• [What is needed]:
Retype nothing except the lines below from the one with "Hello, this is" through the one with "We're going to", exactly, with images left out.

• [Available data]:
════════════════════

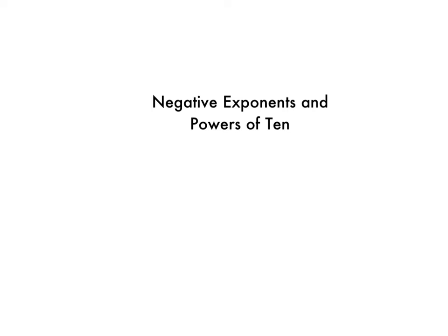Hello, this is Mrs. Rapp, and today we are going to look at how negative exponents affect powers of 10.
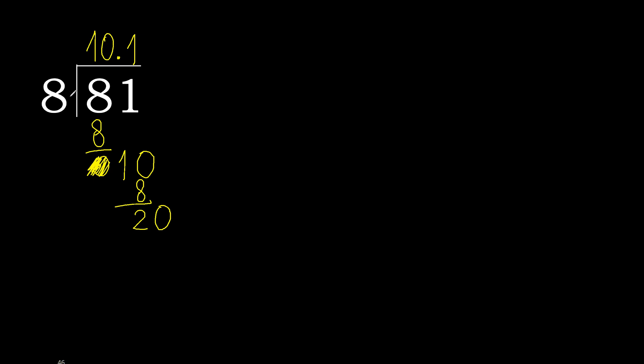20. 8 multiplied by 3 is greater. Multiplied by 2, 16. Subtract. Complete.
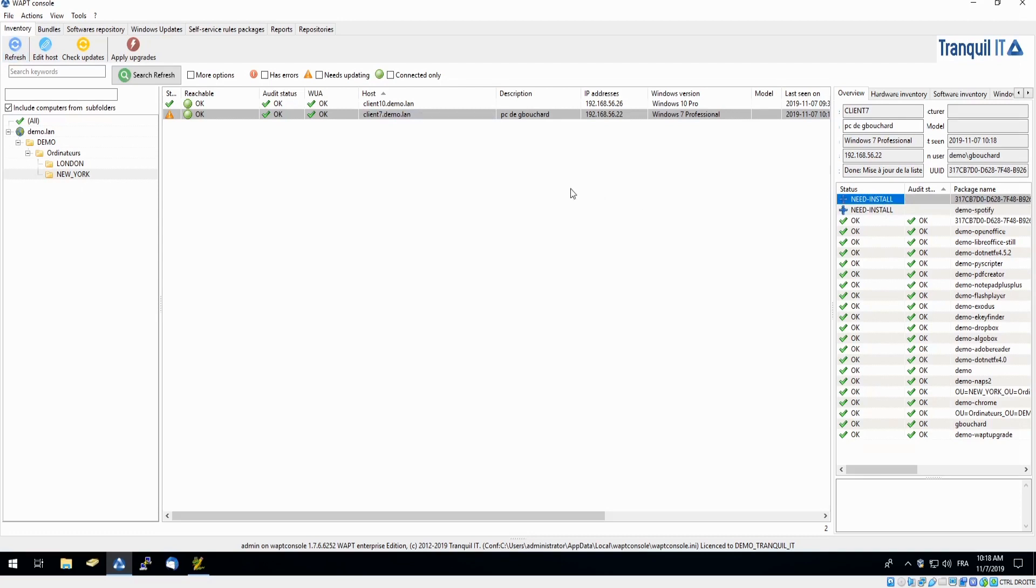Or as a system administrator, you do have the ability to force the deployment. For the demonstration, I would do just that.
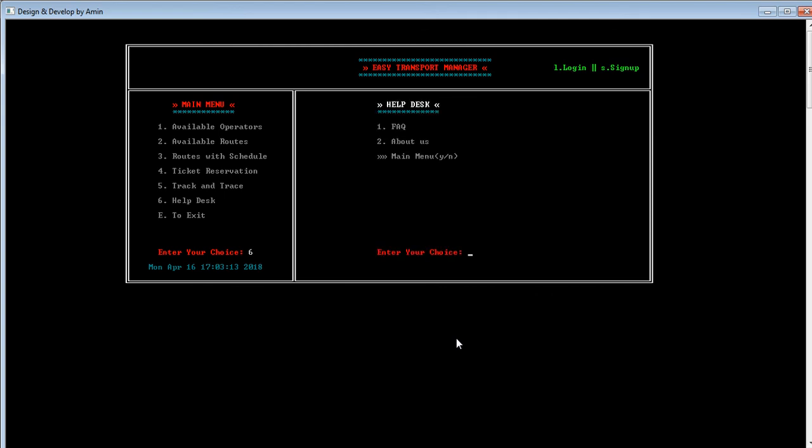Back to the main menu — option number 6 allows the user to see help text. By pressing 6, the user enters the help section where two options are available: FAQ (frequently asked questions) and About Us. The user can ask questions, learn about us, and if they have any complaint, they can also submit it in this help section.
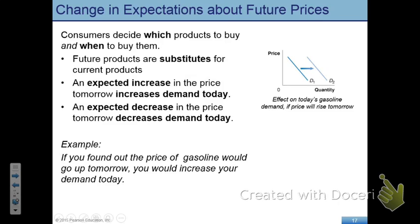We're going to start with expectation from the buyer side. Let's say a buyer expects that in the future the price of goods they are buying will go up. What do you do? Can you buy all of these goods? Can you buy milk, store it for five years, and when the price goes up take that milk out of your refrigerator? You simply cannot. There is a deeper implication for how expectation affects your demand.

════════════════════

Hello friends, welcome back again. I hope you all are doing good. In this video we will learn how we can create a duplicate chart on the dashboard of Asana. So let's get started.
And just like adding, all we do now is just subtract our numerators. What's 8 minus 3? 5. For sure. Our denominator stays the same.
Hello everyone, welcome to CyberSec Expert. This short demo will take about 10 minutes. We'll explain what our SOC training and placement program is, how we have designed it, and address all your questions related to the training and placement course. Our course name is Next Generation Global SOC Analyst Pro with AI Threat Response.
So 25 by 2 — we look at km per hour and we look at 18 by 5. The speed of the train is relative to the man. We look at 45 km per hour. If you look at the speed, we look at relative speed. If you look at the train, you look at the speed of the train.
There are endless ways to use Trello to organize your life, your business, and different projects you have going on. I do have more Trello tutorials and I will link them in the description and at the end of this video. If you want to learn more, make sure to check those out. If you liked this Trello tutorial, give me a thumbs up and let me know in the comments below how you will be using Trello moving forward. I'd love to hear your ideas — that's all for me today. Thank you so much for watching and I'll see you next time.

════════════════════

• [Solution for this problem]:
Hello, this is Mrs. Rapp, and today we are going to look at how negative exponents affect powers of 10.
20. 8 multiplied by 3 is greater. Multiplied by 2, 16. Subtract. Complete.
Or as a system administrator, you do have the ability to force the deployment. For the demonstration, I would do just that.
Back to the main menu — option number 6 allows the user to see help text. By pressing 6, the user enters the help section where two options are available: FAQ (frequently asked questions) and About Us. The user can ask questions, learn about us, and if they have any complaint, they can also submit it in this help section.
We're going to start with expectation from the buyer side. Let's say a buyer expects that in the future the price of goods they are buying will go up. What do you do? Can you buy all of these goods? Can you buy milk, store it for five years, and when the price goes up take that milk out of your refrigerator? You simply cannot. There is a deeper implication for how expectation affects your demand.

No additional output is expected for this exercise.